◆ What to produce ◆
Return an exact copy of the data, starting at its first line and ending at the line that contains "MARVO KG972W EN-BL+WH", minus any pictures.

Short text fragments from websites
== Segment start ==
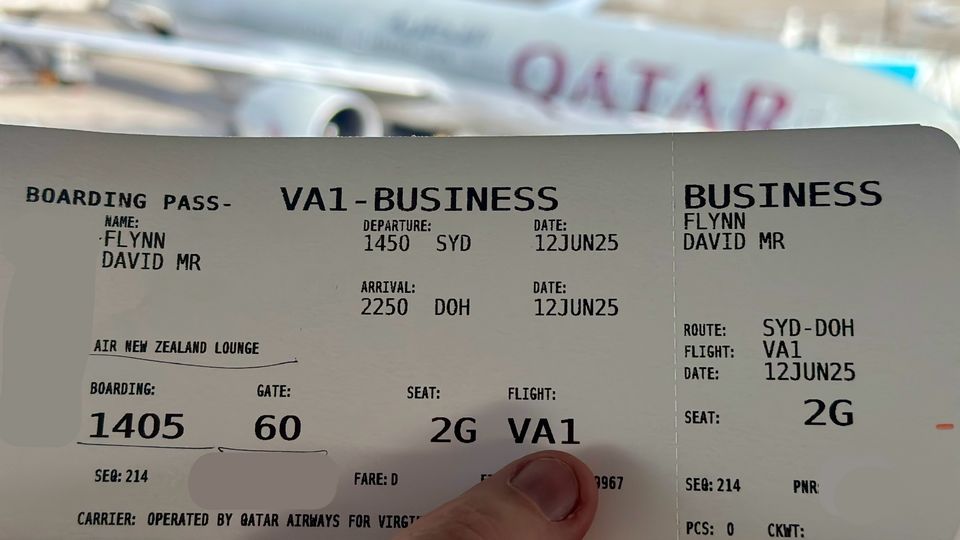 Ready to fly on Virgin Australia's VA1 from Sydney to Doha.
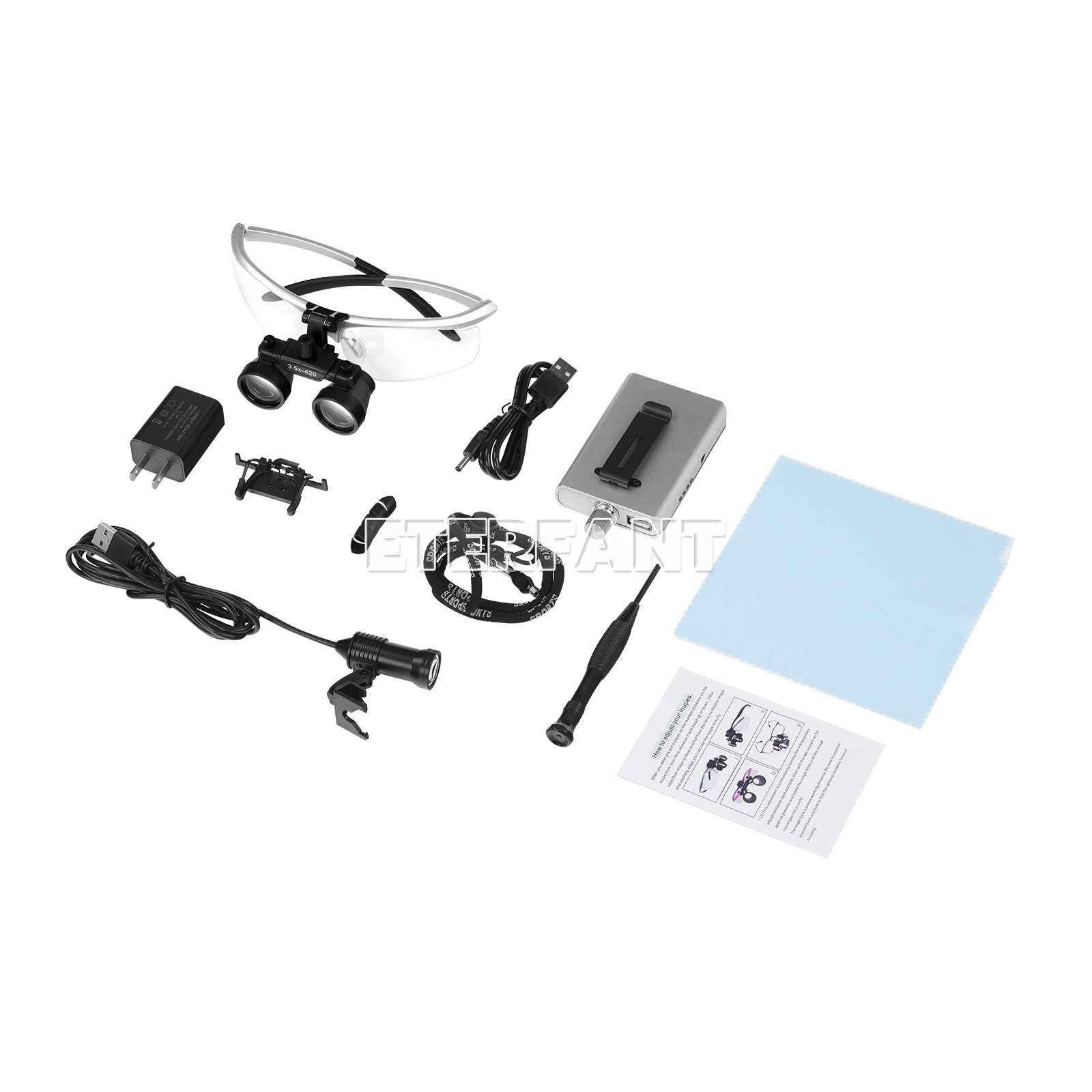 ETERFANT Dental 3.5X HD Binocular Magnifier Loupes Silver+5W LED Head Light Lamp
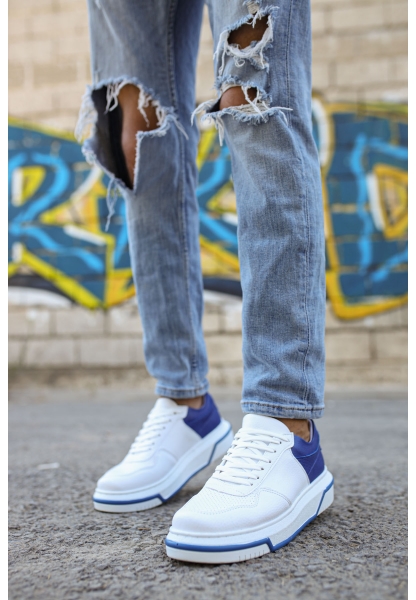 MirgeShoes Beyaz-Mavi Bağcıklı Unisex Casual Ayakkabı Modelli Kalın BYZ Taban MRG010602393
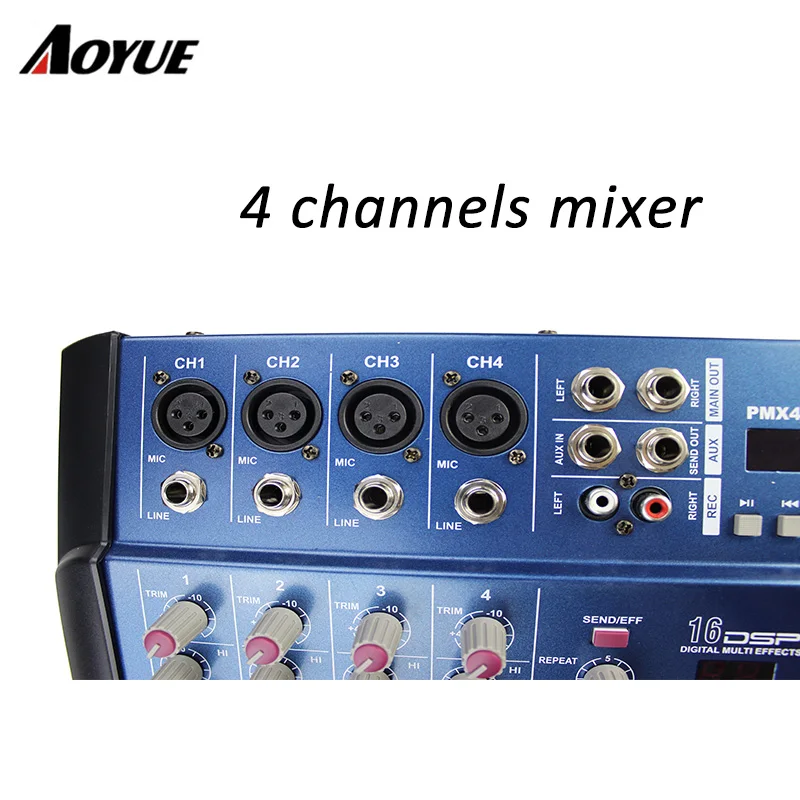 Музыка DJ цифровой интерфейс USB аудио микшер PMX402D с 4 каналов |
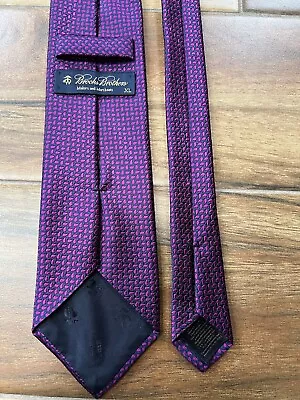 Brooks Brothers Makers & Merchants Purple Black Silk XL Tie 3 1/4  VGUC • $14.99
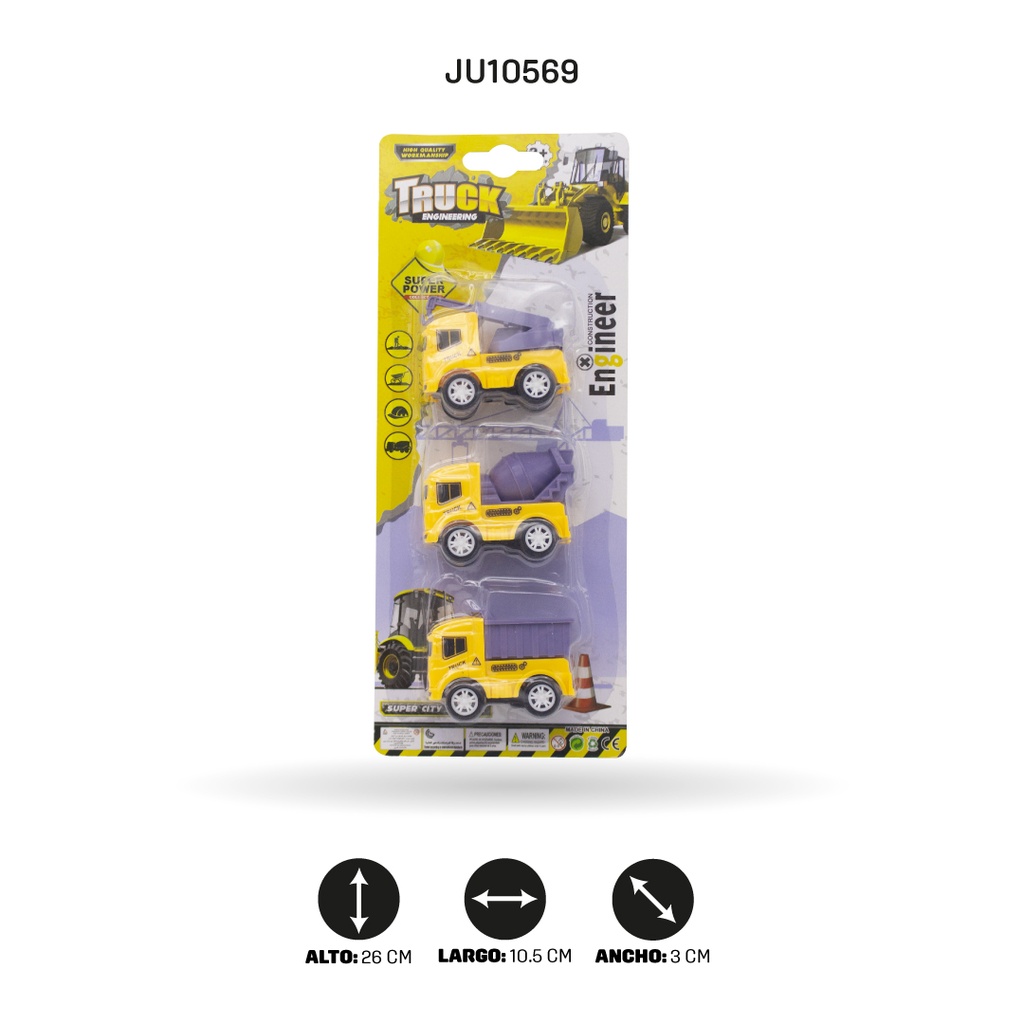 VEHICULOS DE CONSTRUCCION A IMPULSO - SET X 3 PIEZAS [YD707A12]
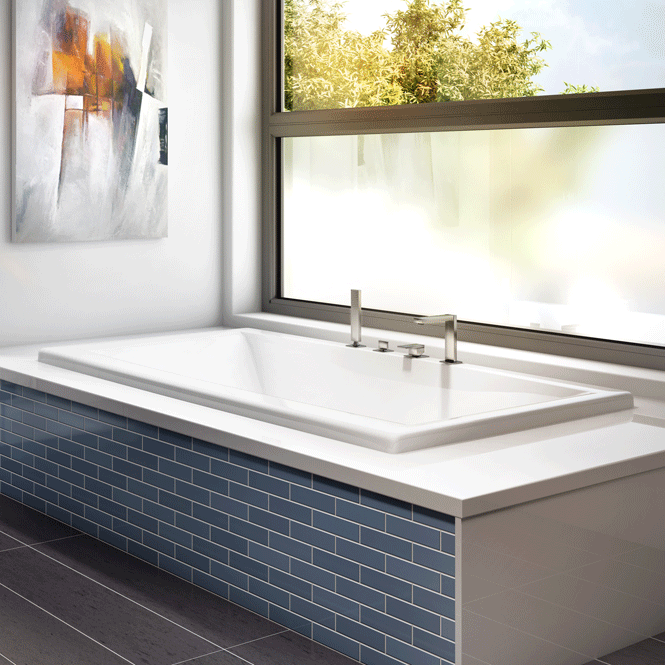 JADE A rectangular bathtub with generous curves and backrests optimizing comfort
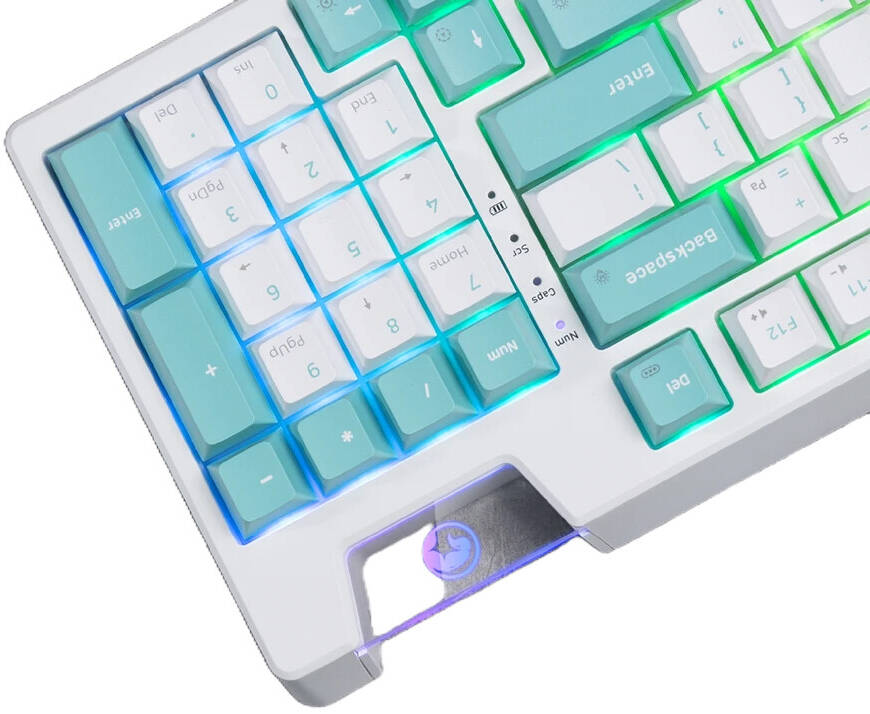 MARVO KG972W EN-BL+WH Wired and wireless keyboard Gasket Mechanical Keyboard White - كيبورد ميكانيكي واير ليس  أبيض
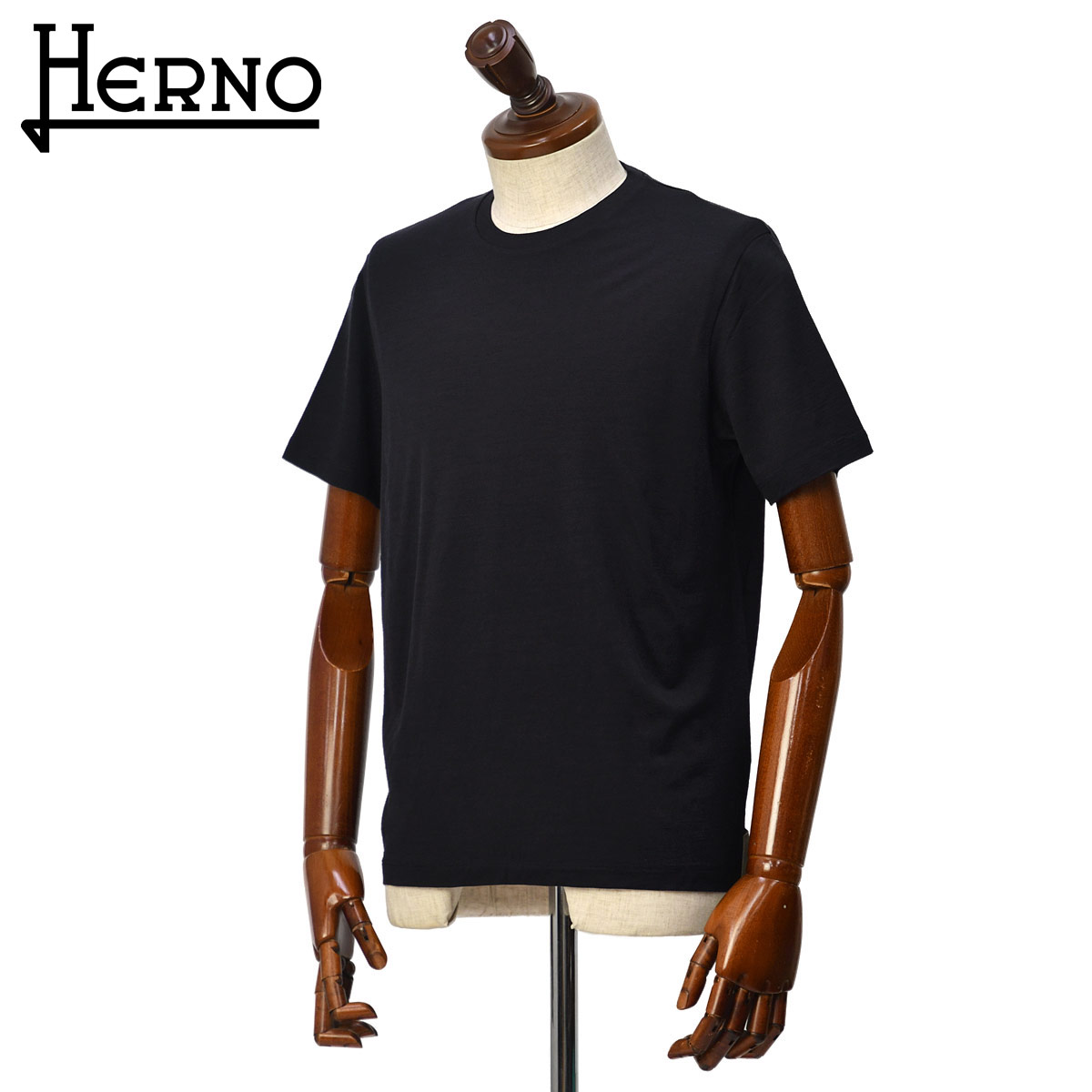 HERNO【ヘルノ】クルーネックカットソー JG000205U-52060 9200 ウール ジャージ ネイビー
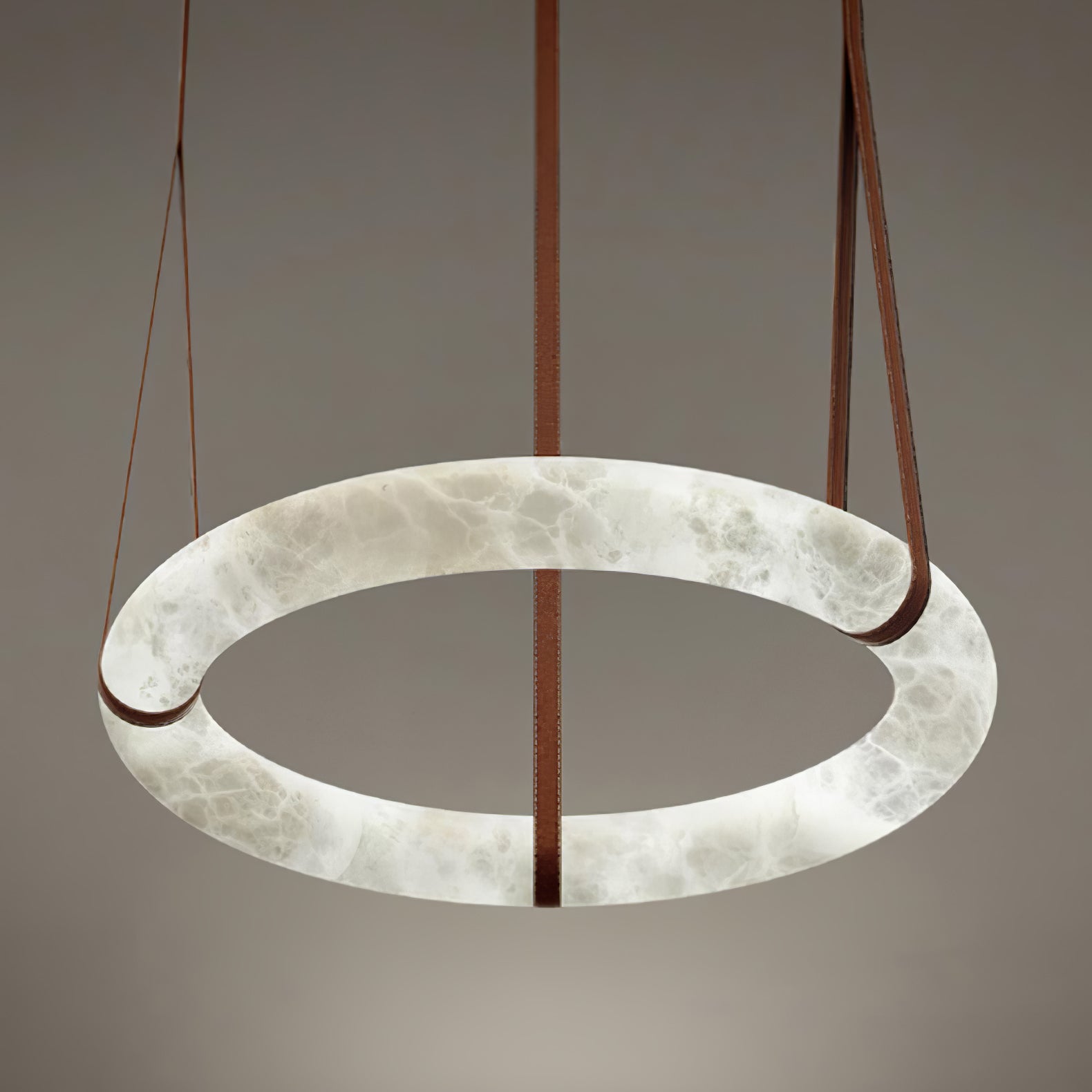 Alabaster-Ring-Hängeleuchte mit LED, Naturstein in Braun bis Gold, 3000K–6000K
== Segment end ==
◆ Written solution ◆
 Ready to fly on Virgin Australia's VA1 from Sydney to Doha.
 ETERFANT Dental 3.5X HD Binocular Magnifier Loupes Silver+5W LED Head Light Lamp
 MirgeShoes Beyaz-Mavi Bağcıklı Unisex Casual Ayakkabı Modelli Kalın BYZ Taban MRG010602393
 Музыка DJ цифровой интерфейс USB аудио микшер PMX402D с 4 каналов |
 Brooks Brothers Makers & Merchants Purple Black Silk XL Tie 3 1/4  VGUC • $14.99
 VEHICULOS DE CONSTRUCCION A IMPULSO - SET X 3 PIEZAS [YD707A12]
 JADE A rectangular bathtub with generous curves and backrests optimizing comfort
 MARVO KG972W EN-BL+WH Wired and wireless keyboard Gasket Mechanical Keyboard White - كيبورد ميكانيكي واير ليس  أبيض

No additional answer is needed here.